Bush, of course, says he's both. And he has successfully walked this political tightrope as Texas governor for five years. He has won over minorities, women, and moderate suburbanites by stressing inclusiveness and rebuffing right-wing efforts to repeal affirmative action laws. At the same time, his pro-gun, anti-abortion, anti-gay-rights record cheers social conservatives. Last November, Bush proved he could be all things to most people when Lone Star staters gave him a second term with a record 70% of the vote.
But Bush will find it difficult to replicate that formula on the national stage. His strategy is to run far enough to the right on some social issues to capture the GOP nomination, but to avoid overheated rhetoric that would alienate the social moderates who are key in the general election. Bush's rivals, though, want to pin him down. "At some point, he has got to say which side he is on," says Republican pollster Kellyanne Fitzpatrick, who is working on the Presidential campaign of former Vice-President Dan Quayle.
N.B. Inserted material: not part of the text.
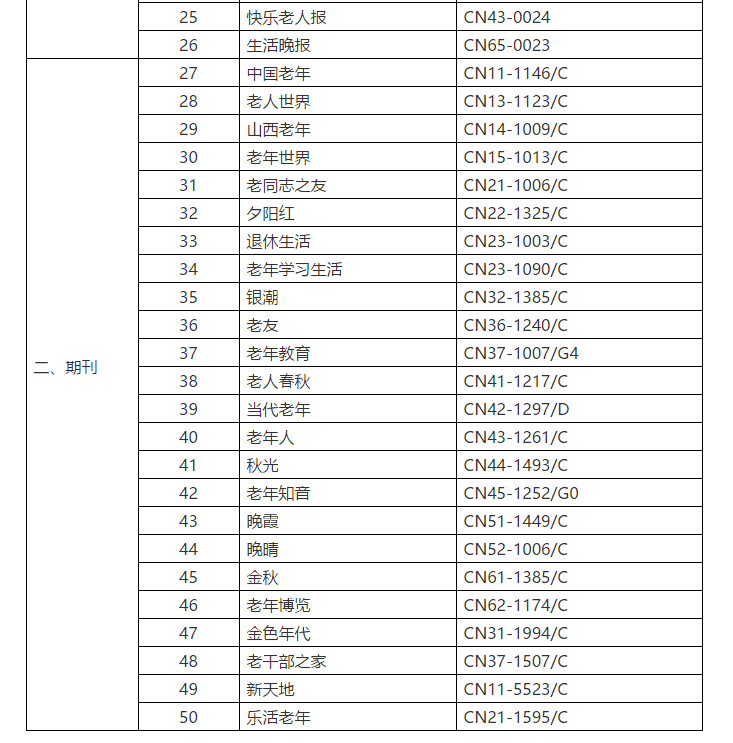 好消息！宣傳文化增值稅優惠政策延續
NO. 1 SON. Bush backers say critics mistake consensus-building for waffling. "His instinct is to unite people rather than divide," says Karen Hughes, a top aide. Indeed, Bush has even won over some Democrats. Says Sandy Kress, a former Dallas County Democratic chair who backs Bush: "His own views are rather conservative, yet Bush shows respect to people with whom he differs."
Still, a kinder, gentler approach could cause trouble for the former President's eldest son in a primary dominated by the party's right wing. Already, Bush has angered true believers on both sides of the abortIon debate. Abortion-rights advocates dismiss Bush as a 100%abortion foe. But anti-abortion groups groan when Bush acknowledges that the U.S. is unlikely ever to ban all abortions. They give the governor scant credit for the May 22 Texas House passage of a bill to require parental notification before teens receive abortions. Bush's stance is "an abdication of leadership," charges Colleen Parro, director of the Republican National Coalition for Life.
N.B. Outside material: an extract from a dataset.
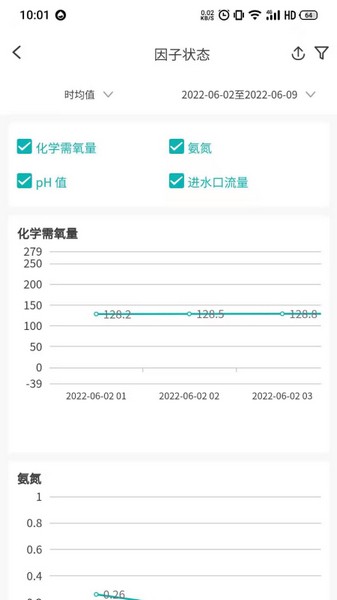 云環(huán)通5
Bush is finding it even trickier to waltz down the middle on gun control. After the Littleton (Colo.) high school massacre, Bush's top rival for the centrist vote--former Transportation Secretary Elizabeth H. Dole--quickly embraced various gun curbs. Bush, who in 1997 signed a bill allowing Texans to carry concealed weapons, responded unsurely. On Apr. 22, he endorsed instant background checks at gun shows. But Bush hadn't backed a similar bill that had failed in the Texas legislature a day earlier. The reason: He favors a federal, not state, law. Complains Texas Democratic Party Chair Molly Beth Malcolm: "He beats around the bush on everything."
Or take Texas legislation on hate crimes. A proposal named for James Byrd Jr., the Jasper (Tex.) black man who was dragged to his death by white supremacists, was nixed by the Republican-controlled state Senate because it included protections for homosexual victims. Bush refused to speak out for the bill, and Byrd's family blamed him For its demise. Democrats accuse Bush of pandering to Christian conservatives. "Bush is starting to show his far-right spots," jabs Democratic National Committee Chair Joe Andrew.
Bush will soon have to decide which wing of the Republican Party he's from. He could follow Ronald Reagan's approach by taking strong conservative stands on issues and hope to attract voters who disagree but like his character. Or he could adopt the Bill Clinton formula: Talk about broad themes and try to be all things to all people. Either approach is risky. But he won't be able to get away much longer with hiS current approach, which has been to sit back with his finger to the wind.